Sudan’da yaşanan katliamlar Gazze ile birlikte, yan yana düşünüldüğünde sıkça acı veren bir cümle kuruluyor: Burada yapılanlar Müslümanların Müslümana yaptığı. Bunun İsrail’in Müslümanlara yaptığından farklı olmaması tabii ki çok acı.

Ama göz ardı edilen bir şey var: BAE’nin bölgedeki bütün politikalarında İsrail ile paralel olması, bütün bu yayılmacı ve bozguncu politikalarının İsrail’in stratejik hesaplarıyla örtüşüyor olması. Ömer el-Beşir’in düşürülmesi sonrası İsrail’in Sudan’da daha önce hiç bulunmayan bir etkinlik alanının oluşmuş olduğunu unutmayalım.

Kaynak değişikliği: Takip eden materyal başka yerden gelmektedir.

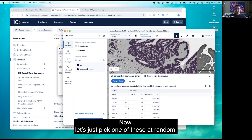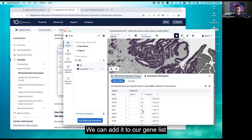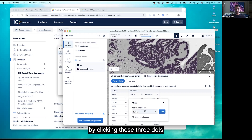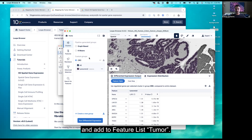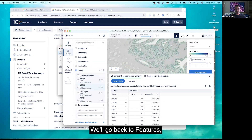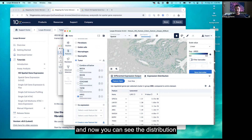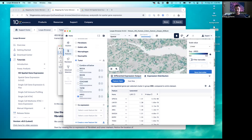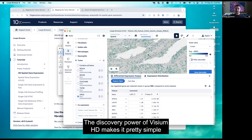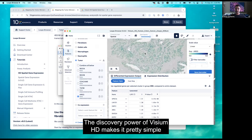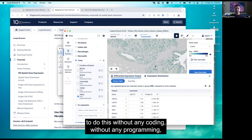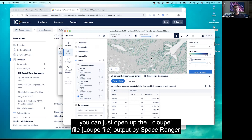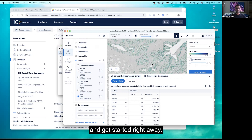Let's pick one of these genes at random. We can add it to our gene list by clicking the three dots and selecting 'Add to Featureless Tumor.' Go back to Features and now you can see the distribution of this gene at quite high resolution. The discovery power of Visium HD makes it simple to do this without any coding or programming — just open the CLR loop file output by Space Ranger and get started right away.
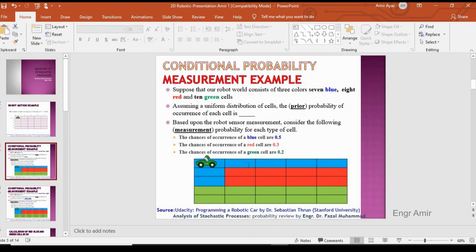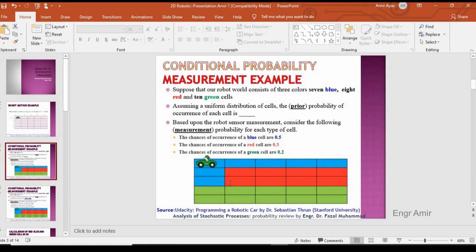Suppose that our robot world consists of three colors: seven blue cells, eight red cells, and ten green cells. Assuming a uniform distribution, we will first calculate the prior probability of occurrence of each cell. There are 25 cells total, so the prior probability is 1 divided by 25, which gives 0.04.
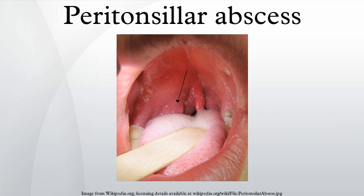Causes: PTA usually arises as a complication of an untreated or partially treated episode of acute tonsillitis. The infection, in these cases, spreads to the peritonsillar area. This region comprises loose connective tissue and is hence susceptible to formation of abscess. PTA can also occur de novo. Both aerobic and anaerobic bacteria can be causative. Commonly involved aerobic pathogens include Streptococcus, Staphylococcus, and Haemophilus. The most common anaerobic species include Fusobacterium necrophorum, Peptostreptococcus, Prevotella species, and Bacteroides.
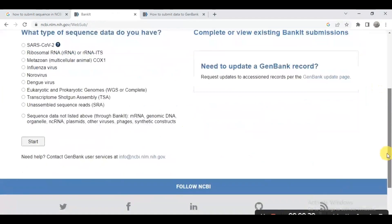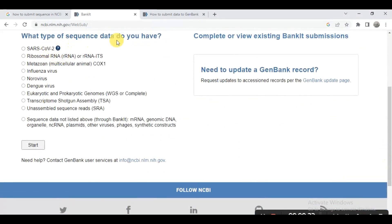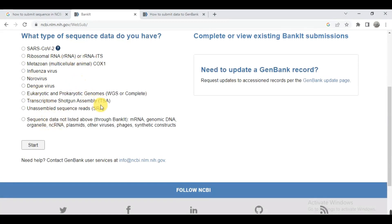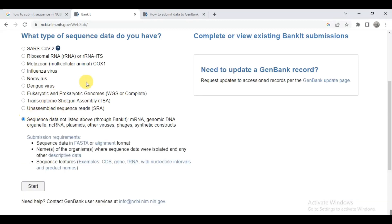Here you select what type of sequence data you have. My sequence data is from Glycine max and it is an mRNA or CDS sequence, so I click here. If you have a different type, you can click accordingly. My gene is from a crop organism and it is like genomic DNA or mRNA, so I click here and then click on Start.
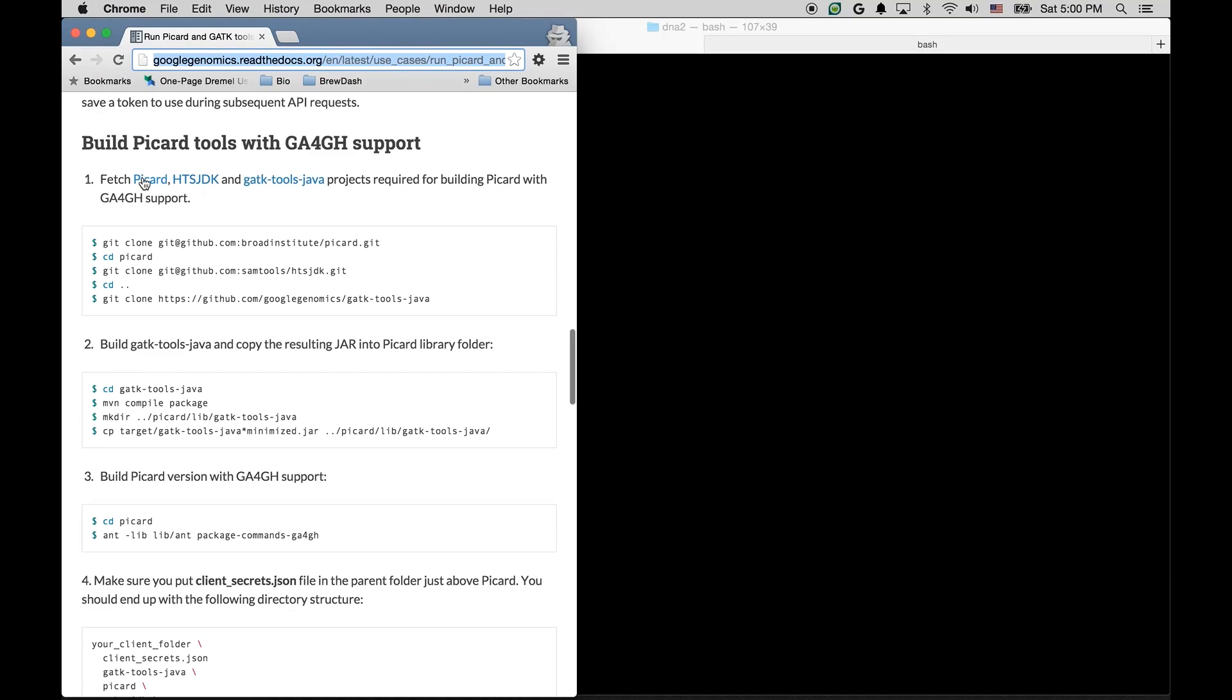The next step is downloading and building three packages we need to make Picard work with GA4GH APIs. First of all, Picard tools themselves. Secondly, HTS-GDK Genomics File Access Library, where we implemented support for plugging GA4GH readers.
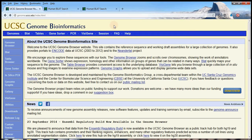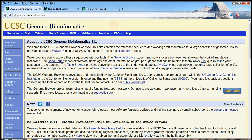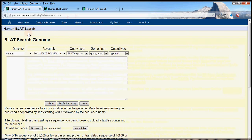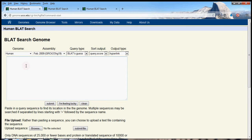In this UCSC Genome Browser tutorial, we're going to talk about a program called BLAT. BLAT is a search tool in which you can enter a nucleotide sequence, and BLAT will try to locate that sequence in the human genome.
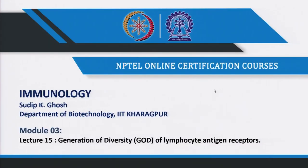Welcome to the next class on Generation of Diversity of Lymphocyte Antigen Receptors. The initial part is mostly about the antibody or B cell receptor.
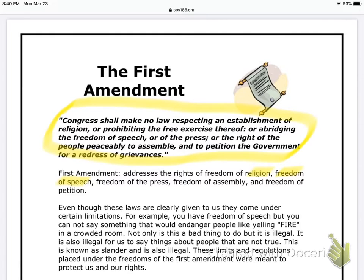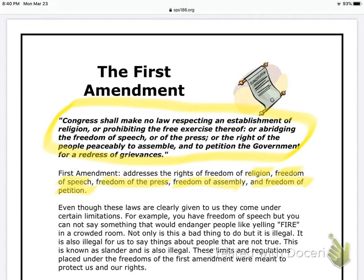Freedom of press means the press has a right to report — the press meaning like the news, people you see on TV talking about the coronavirus. Freedom of assembly means you can have a peaceful gathering. And the freedom of petition — you can basically petition, which means you can go around and have people sign a piece of paper saying you either agree with something or you disagree with something, things like that.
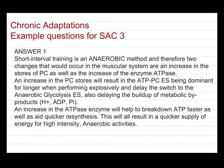Here's my answer for this one. Short interval training is an anaerobic method and therefore two changes that would occur in the muscular system are an increase in the stores of PC as well as an increase of the enzyme ATPase. An increase in PC stores will result in the ATP-PC energy system being dominant for longer when performing explosively, and delay the switch to the anaerobic glycolysis energy system, which also delays the buildup of metabolic products such as hydrogen ions, ADP and inorganic phosphates. An increase in the ATPase enzyme will also help to break down ATP faster as well as aid quicker recovery and resynthesis of ATP. This will all result in a quicker supply of energy for high intensity and anaerobic activities.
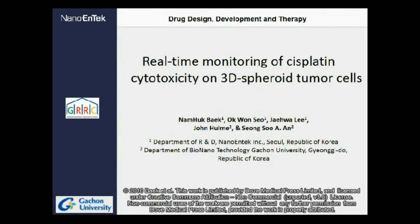Hello, this is Sung Han from Gachun University. First of all, I am glad to present our latest research on the effect of cisplatin on 3D spheroid tumor cells.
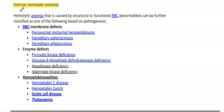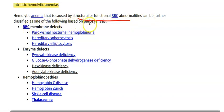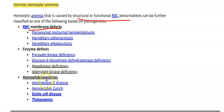Assalamu alaikum everyone. Today we will discuss pyruvate kinase deficiency. We have discussed intrinsic hemolytic anemia caused by structural or functional RBC abnormality, which can be further classified on the basis of pathogenesis. We have RBC membrane defects including PNH, hereditary spherocytosis, and hereditary elliptocytosis. In enzyme defects we have pyruvate kinase deficiency, G6PD, hexokinase, and adenylate kinase. In hemoglobinopathy we have HbC, sickle cell, and thalassemia.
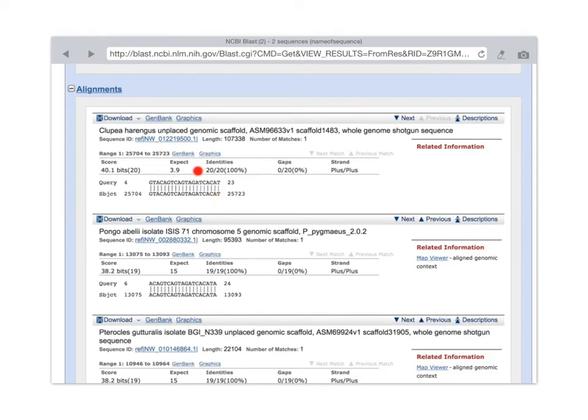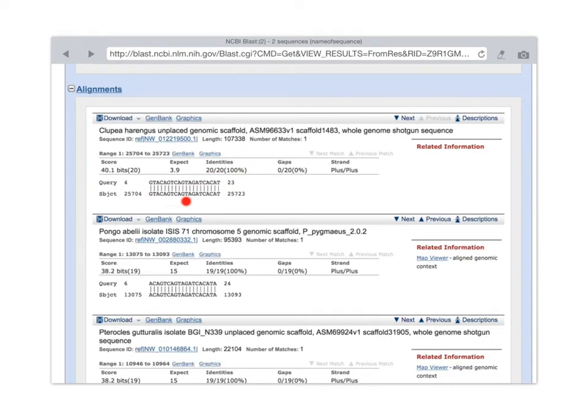And we can see that there's 100% identity. That is, every nucleotide in our sequence matches exactly nucleotides in the Clupoea herringus genome.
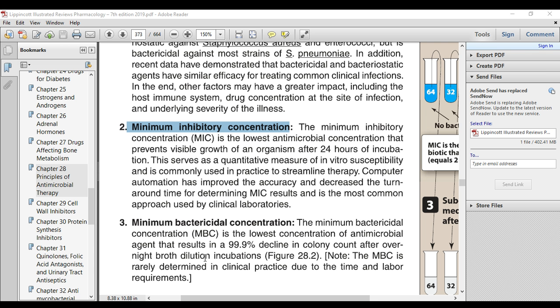After incubating the microorganisms overnight, you count the number of colonies. The drug must reduce the bacteria by 99.9% of the colony count. Thank you very much for listening.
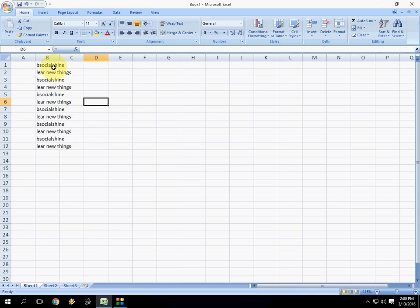As you can see here, all blank cells are deleted now. So this is the easy method to delete multiple blank cells in Microsoft Excel.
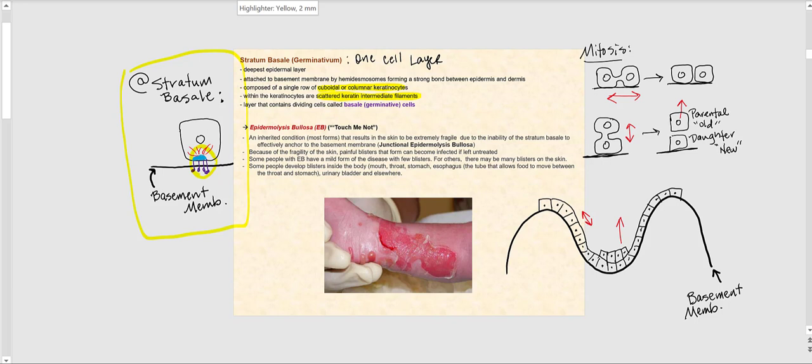The reason mitosis must occur is because we are constantly shedding skin. Every time we rub against something or put on or take off clothing, we shed skin without being aware of it. There has to be new cells to replenish those that are lost, so the stratum basale must continuously mitotically divide. These dividing keratinocytes are referred to as basal or germinative cells.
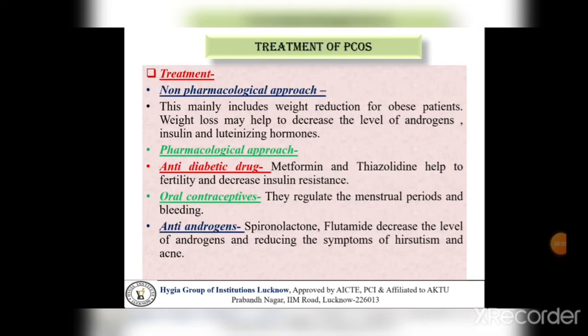Treatment of PCOS. पहला point है non-pharmacological approach — this mainly includes weight reduction for obese patients। Weight loss may help to decrease the level of androgens, insulin and luteinizing hormone। जो non-pharmacological approach होता है उसमें हम obesity वाले patients में weight reduction की बात करते हैं, क्योंकि weight loss से जो भी elevated level पे hormones हैं जैसे androgen, insulin और luteinizing hormone, उनके level को decrease करने में help होती है।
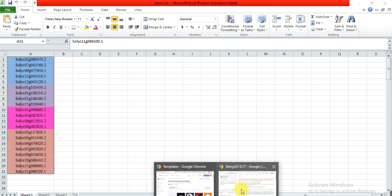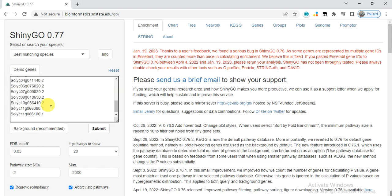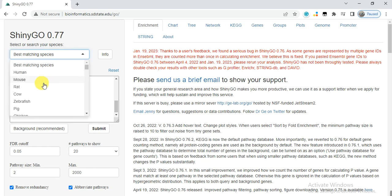I need to copy and then paste the gene list here. You can keep it at best matching species. I think you don't need to change it here. You have a lot of species, but you can keep it as it is.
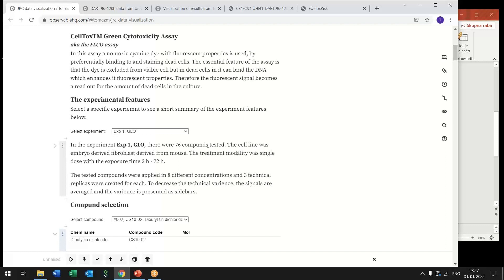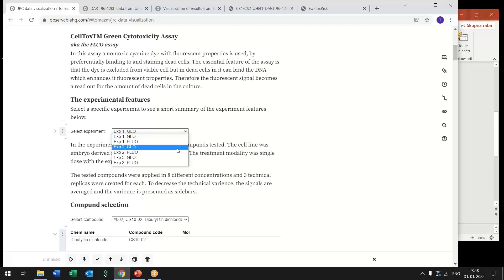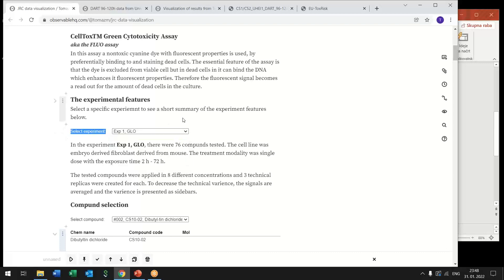So there were three different experiments done and each was analyzed with both of these assays. So in total there were six data sets or six experiments. So user can now select one of these experiments.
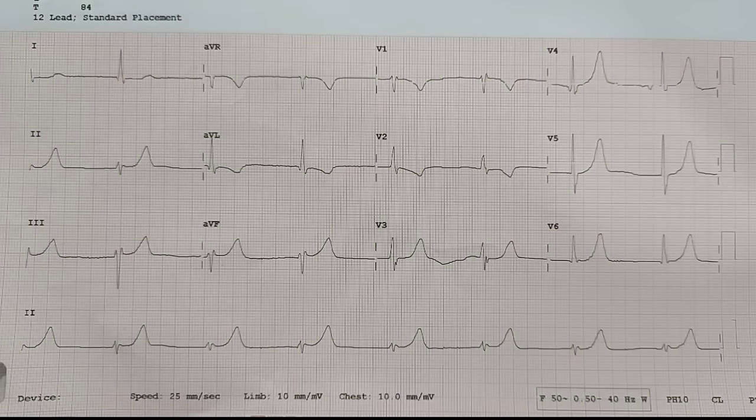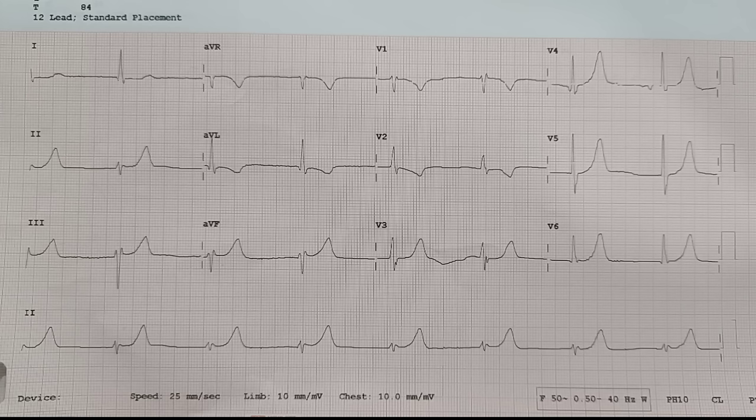One more important consideration with bradycardia: inferior wall MI. Patients can present with bradycardia because RCA-dominant lesion with RCA occlusion can cause sinus node dysfunction. So whenever we see bradycardia, also consider inferior wall MI presenting with bradycardia.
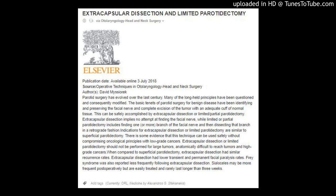Parotid surgery has evolved over the last century. Many of the long-held principles have been questioned and consequently modified. The basic tenets of parotid surgery for benign disease have been identifying and preserving the facial nerve and complete excision of the tumor with an adequate cuff of normal tissue. This can be safely accomplished by extracapsular dissection or limited, partial parotidectomy.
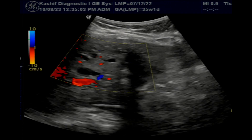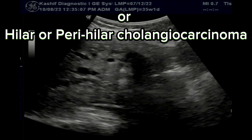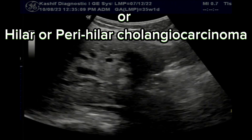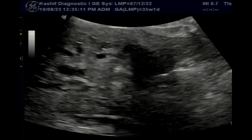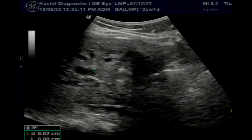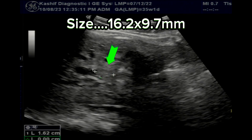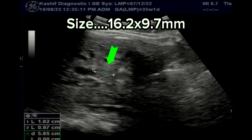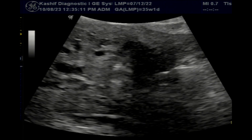This is the Klatskin tumor — hilar or perihilar cholangiocarcinoma — occurring at the bifurcation of the common hepatic ducts. These tumors have aggressive behavior and tend to obstruct the intrahepatic bile ducts. Due to its small size and poor visualization on ultrasound, MRCP is the standard imaging modality for diagnosis of cholangiocarcinoma.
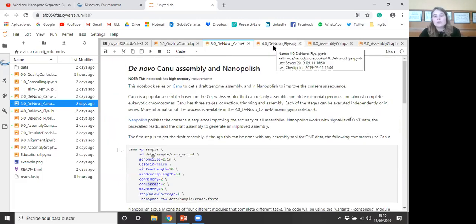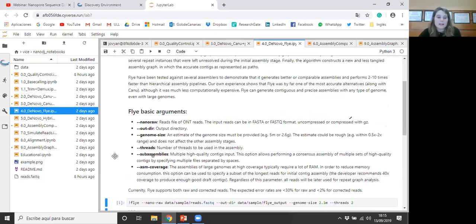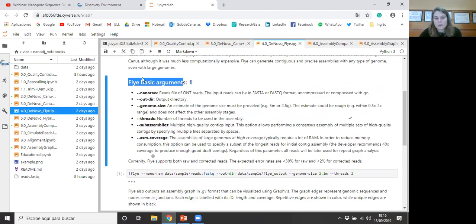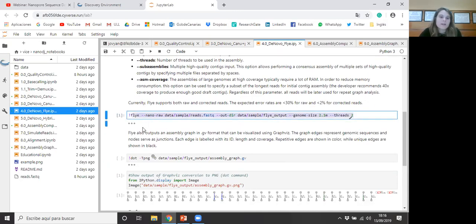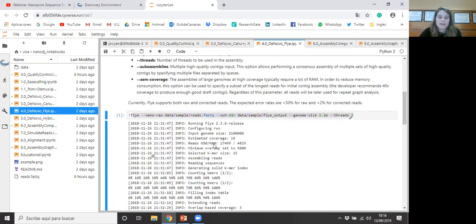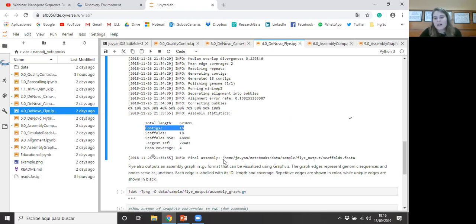We will go to another de novo assembly notebook with Flye. Flye is a de novo assembler for long noisy reads. It's based on the de Bruijn graph and it's faster than other assemblers. It can generate continuous and precise assemblies with any type of genome, even with large genomes. In this case it shows the basic arguments to use with this assembler, and this is the command to execute the assembly process with Flye. We can see the output, and at the end we can see a little summary of the results: it shows the total length of the assembly, the number of contigs, and the directory where you can find the assembly results file.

BAE’nin de katkısıyla oluşan geçici hükümete ilk yaptırılan şey, yaptırımların kaldırılması karşılığında İsrail ile normalleşme sürecine katılmasıydı. Şimdi bu son hamle ile Nil’e kadar önemli bir bölge daha kontrol altına alınmış mı oluyor? Bu biraz da Mısır, Türkiye ve Suudi Arabistan’ın bu sürece nasıl cevap vereceğiyle ilgili tabii.